Taiwan's latest rate hike boosted the rediscount rate charged to commercial lenders to 2.375 percent. The central bank also increased both the secured accommodations rate and the unsecured loan rate to 2.75 percent and 4.625 percent, respectively.
"We hope that real interest rates can reach a neutral level," central bank governor Perng Fai-nan (
The bank's latest rate hike has brought the total cumulative rate hikes since September 2004 to one percentage point. But Perng declined to comment on whether the nation's real interest rates -- which refer to nominal interest rates minus the expected inflation rate, as measured by the rise in the consumer price index (CPI) -- are already in positive territory.
The central bank has expressed the opinion that negative real interest rates are not beneficial to savings. Real interest rates "still tend to stay low,'' the bank said in a statement.
Instead, Perng said that according to the Directorate General of Budget, Accounting and Statistics' estimated CPI growth of 1.71 percent for the year, rates for government bonds between six months and 10 years were already in positive territory.
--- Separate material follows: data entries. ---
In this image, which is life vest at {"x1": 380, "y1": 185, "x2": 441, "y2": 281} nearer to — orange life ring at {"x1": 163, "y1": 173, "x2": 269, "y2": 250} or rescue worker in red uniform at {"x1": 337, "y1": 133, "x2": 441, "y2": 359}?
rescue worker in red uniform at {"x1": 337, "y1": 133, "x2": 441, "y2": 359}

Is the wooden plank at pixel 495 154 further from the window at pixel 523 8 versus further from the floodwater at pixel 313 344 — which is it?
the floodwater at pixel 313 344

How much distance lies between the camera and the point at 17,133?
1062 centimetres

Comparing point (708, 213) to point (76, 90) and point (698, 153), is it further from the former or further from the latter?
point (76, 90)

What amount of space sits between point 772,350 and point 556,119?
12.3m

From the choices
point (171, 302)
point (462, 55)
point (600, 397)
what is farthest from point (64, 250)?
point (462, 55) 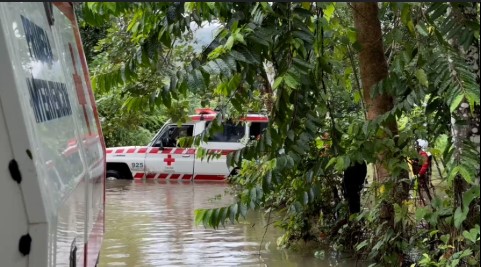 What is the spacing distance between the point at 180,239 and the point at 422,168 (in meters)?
5.29

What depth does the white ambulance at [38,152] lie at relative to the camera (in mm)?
1850

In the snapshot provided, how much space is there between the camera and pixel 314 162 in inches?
257

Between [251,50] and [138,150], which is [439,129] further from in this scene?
[138,150]

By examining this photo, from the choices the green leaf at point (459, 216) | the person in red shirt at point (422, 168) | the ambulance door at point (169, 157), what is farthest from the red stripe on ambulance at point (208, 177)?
the green leaf at point (459, 216)

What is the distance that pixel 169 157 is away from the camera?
60.8ft

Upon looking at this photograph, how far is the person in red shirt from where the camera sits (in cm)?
636

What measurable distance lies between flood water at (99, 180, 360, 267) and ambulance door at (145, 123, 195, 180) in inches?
93.9

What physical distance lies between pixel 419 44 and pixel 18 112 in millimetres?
3497

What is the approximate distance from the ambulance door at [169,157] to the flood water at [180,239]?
238cm

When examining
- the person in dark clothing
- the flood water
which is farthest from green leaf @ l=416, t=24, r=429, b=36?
the flood water

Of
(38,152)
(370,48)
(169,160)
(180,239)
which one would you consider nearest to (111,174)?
(169,160)

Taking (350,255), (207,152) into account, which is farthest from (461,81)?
(350,255)

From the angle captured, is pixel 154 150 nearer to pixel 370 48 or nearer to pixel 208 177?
pixel 208 177

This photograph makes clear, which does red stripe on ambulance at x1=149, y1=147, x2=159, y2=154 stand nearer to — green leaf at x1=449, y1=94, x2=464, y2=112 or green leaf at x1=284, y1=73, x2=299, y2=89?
green leaf at x1=284, y1=73, x2=299, y2=89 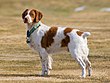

This could mean that the possibility that the central bank would continue with its rate-hikes would be reduced.
However, analysts differed on this point.
"It is foreseeable that the central bank will continue to follow its US counterpart's steps by jacking up the rates slightly," said Wu Chung-shu (吳中書), a research fellow at Academia Sinica, during a phone interview.
Rate hikes are aimed at narrowing the interest spread between domestic and foreign markets to stabilize exchange rates, he said. The increases could also help to lure back capital that had flowed overseas to take refuge from the prospective alternative minimum tax (AMT) scheme, which is scheduled to take effect in three years, and to seek higher investment returns, Wu said.
"Stabilizing the financial market is one of the central bank's primary tasks," Wu said.
Chen Miao (陳淼), a researcher at the Taiwan Institute of Economic Research, said the central bank was not expected to stop hiking rates over the near term as inflationary pressure remained.
"Water, electricity, gas and energy rates have been somewhat curbed by the government and cannot reflect their real costs. If the government loosens its grip, it is certain that the CPI would not just remain at its current level," he said.
As for the much-talked-about issue of worsening consumer bad debts, Perng said the central bank had taken it into consideration when mapping out the rate-hike decision.
He said consumers defaulting on credit and cash-advance card loans would impact three areas -- society, banking systems and economic growth. The central bank would monitor the problem closely, he told lawmakers in a recent finance committee meeting, without elaborating.